Noorilim Estate and the surrounding Goulburn River Valley Region have a rich history that includes Aboriginal habitation, squatters, land barons, agriculture, war, commerce and politics. ‘Noorilim' is named after the local Ngurai-illum Aboriginal tribe and supposedly translates to 'many lagoons', as the area was a natural flood plain of the lower Goulburn River prior to the construction of the Goulburn Weir completed in 1891.
The original Noorilim Run included over 44,000 acres of leasehold land controlled initially by Frederick Manton. By the time the mansion was commissioned by William Irving Winter in 1879 this was reduced to approximately 2400 acres of freehold and leasehold land adjoining both sides of the Goulburn river.
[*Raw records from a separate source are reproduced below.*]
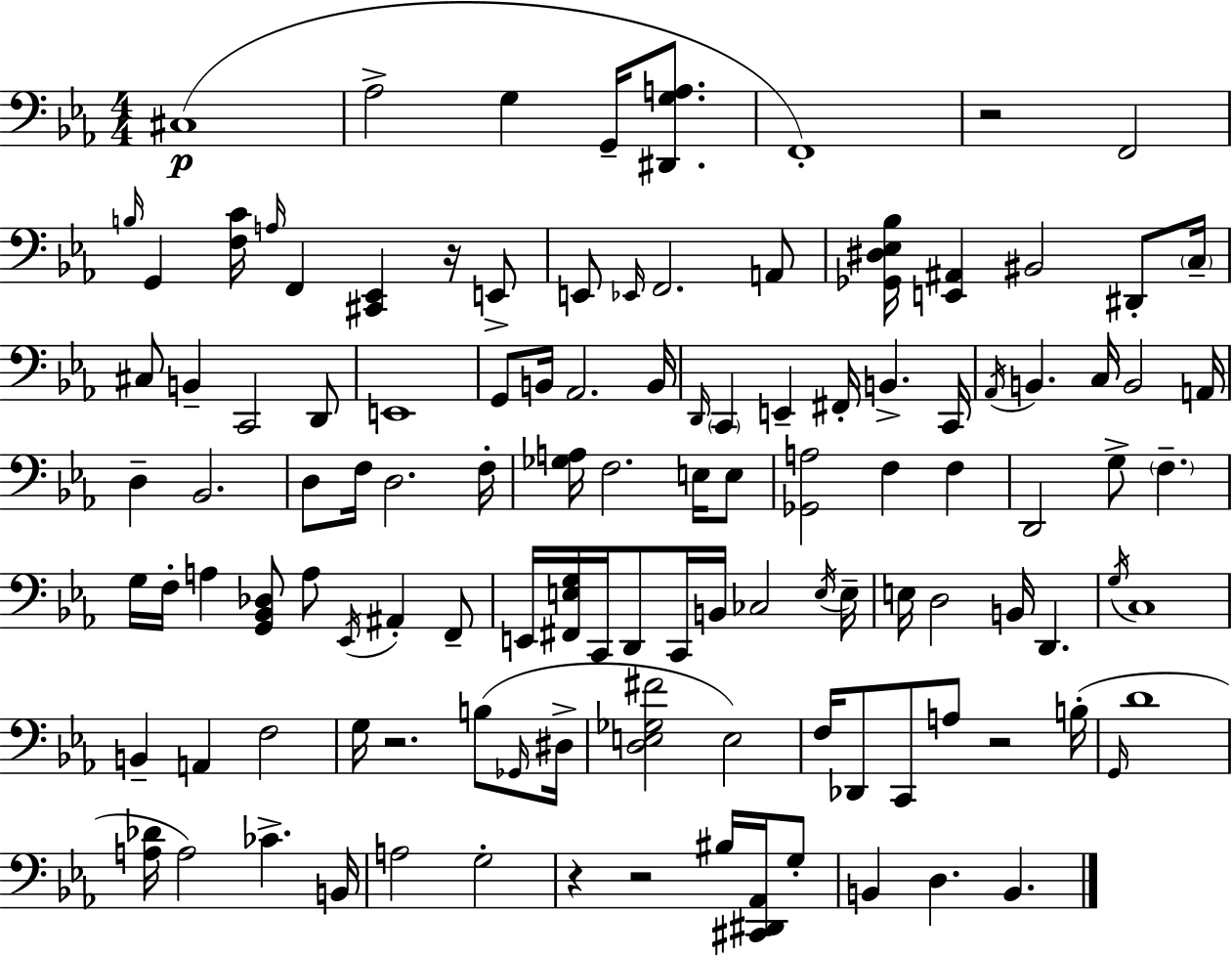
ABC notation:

X:1
T:Untitled
M:4/4
L:1/4
K:Eb
^C,4 _A,2 G, G,,/4 [^D,,G,A,]/2 F,,4 z2 F,,2 B,/4 G,, [F,C]/4 A,/4 F,, [^C,,_E,,] z/4 E,,/2 E,,/2 _E,,/4 F,,2 A,,/2 [_G,,^D,_E,_B,]/4 [E,,^A,,] ^B,,2 ^D,,/2 C,/4 ^C,/2 B,, C,,2 D,,/2 E,,4 G,,/2 B,,/4 _A,,2 B,,/4 D,,/4 C,, E,, ^F,,/4 B,, C,,/4 _A,,/4 B,, C,/4 B,,2 A,,/4 D, _B,,2 D,/2 F,/4 D,2 F,/4 [_G,A,]/4 F,2 E,/4 E,/2 [_G,,A,]2 F, F, D,,2 G,/2 F, G,/4 F,/4 A, [G,,_B,,_D,]/2 A,/2 _E,,/4 ^A,, F,,/2 E,,/4 [^F,,E,G,]/4 C,,/4 D,,/2 C,,/4 B,,/4 _C,2 E,/4 E,/4 E,/4 D,2 B,,/4 D,, G,/4 C,4 B,, A,, F,2 G,/4 z2 B,/2 _G,,/4 ^D,/4 [D,E,_G,^F]2 E,2 F,/4 _D,,/2 C,,/2 A,/2 z2 B,/4 G,,/4 D4 [A,_D]/4 A,2 _C B,,/4 A,2 G,2 z z2 ^B,/4 [^C,,^D,,_A,,]/4 G,/2 B,, D, B,,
The estate, including the mansion, has had 11 owners over its long history and has been used as a sheep and cattle station, thoroughbred horse stud, private residence and more recently as a vineyard.
The mansion is constructed in the Victorian Italianate style with attendant tower, a dominant external feature, similar to other impressive buildings of the period including the Victorian Houses of Parliament and Werribee Park. It is perhaps the finest work of architect, James Gall, who also designed Mintaro at Monegeeta and Frognall at Canterbury, both in Victoria.
Noorilim was one of many grand homesteads built by the Winter family who once controlled a quarter of a million acres of pastoral land at the peak of their operations. The others include Dhurringile, a 65-room mansion north of Murchison built in 1877 by William’s older brother James (now run as the Dhurringile Prison), Colbinabbin (privately owned), and Stanhope (now derelict).